I was born and raised in Brighton. My short fiction has been published in several magazines and anthologies including Bare Fiction, Queer in Brighton and The Salt Anthology of New Writing. I’ve performed at several live literature events, including the Charleston Small Wonder Flash Fiction Slam, which I won in 2014.

My first novel, Little Gold is published by Legend Press.

Describe yourself using three words. Inquisitive, bookish, focused.

What inspired you to write your first novel?  Little Gold is a book that came tumbling out of me in 2014. The two main characters first appeared in a flash fiction I wrote and I found that they had a longer story to tell. That story turned out to be the novel, Little Gold. I drew a lot on my memories of growing up in Brighton in the 1980s but the events in the book are all pure fiction.

What time of day do you like to write? I fit my writing around my part-time job in a university library and so I can’t afford to be choosy. If I’m on a roll with something then I might fit in some writing at any time of the day or night. Sometimes I finish work at 8pm and then put in a few hours writing before I go home.

What is your favourite book and why? Hotel World by Ali Smith. It’s a sort of secular prayer to life. I love the way Smith uses different voices in the book and the central idea of a dead person fading slowly out of the world.

How did you pick the title of your book? Little Gold is the name of the central character of the book. She’s a twelve-year-old girl.

Are the characters in your book based on real people?  Not directly. I think that most writers build characters by exploring aspects of themselves and combining those with the characteristics of people they have known. That said, Little Gold is a character very close to my heart who learns some emotional truths that I learned as an adolescent.
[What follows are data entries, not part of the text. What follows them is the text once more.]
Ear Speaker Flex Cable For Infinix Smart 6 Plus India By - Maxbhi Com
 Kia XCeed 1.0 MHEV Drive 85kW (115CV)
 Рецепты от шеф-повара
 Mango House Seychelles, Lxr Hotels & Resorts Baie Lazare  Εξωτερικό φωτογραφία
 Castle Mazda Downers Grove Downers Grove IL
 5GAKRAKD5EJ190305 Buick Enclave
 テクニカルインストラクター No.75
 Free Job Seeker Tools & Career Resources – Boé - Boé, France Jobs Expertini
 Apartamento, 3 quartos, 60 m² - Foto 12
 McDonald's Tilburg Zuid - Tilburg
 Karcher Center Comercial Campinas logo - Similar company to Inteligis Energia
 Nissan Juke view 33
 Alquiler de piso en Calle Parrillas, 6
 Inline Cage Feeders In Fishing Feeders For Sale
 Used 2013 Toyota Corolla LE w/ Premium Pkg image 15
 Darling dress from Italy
What’s your favourite word?  Right at this moment? Murmuration. I think I’d probably give you a different word every day, if not every hour!

If you were a colour what would it be?  Green/grey – the colour of a winter sea.

Do you plan your story beforehand or go with the flow? That varies depending on what I’m writing. Little Gold was not planned because the first draft came out very fast but that did mean considerable structural work later on. I think a basic plan is usually a good thing but I’d never let it stop me taking the story in a different direction if that seemed to be needed.

Who is your favourite Author?  Ali Smith.

You are attending a dinner party with four fictitious book characters who would they be and why?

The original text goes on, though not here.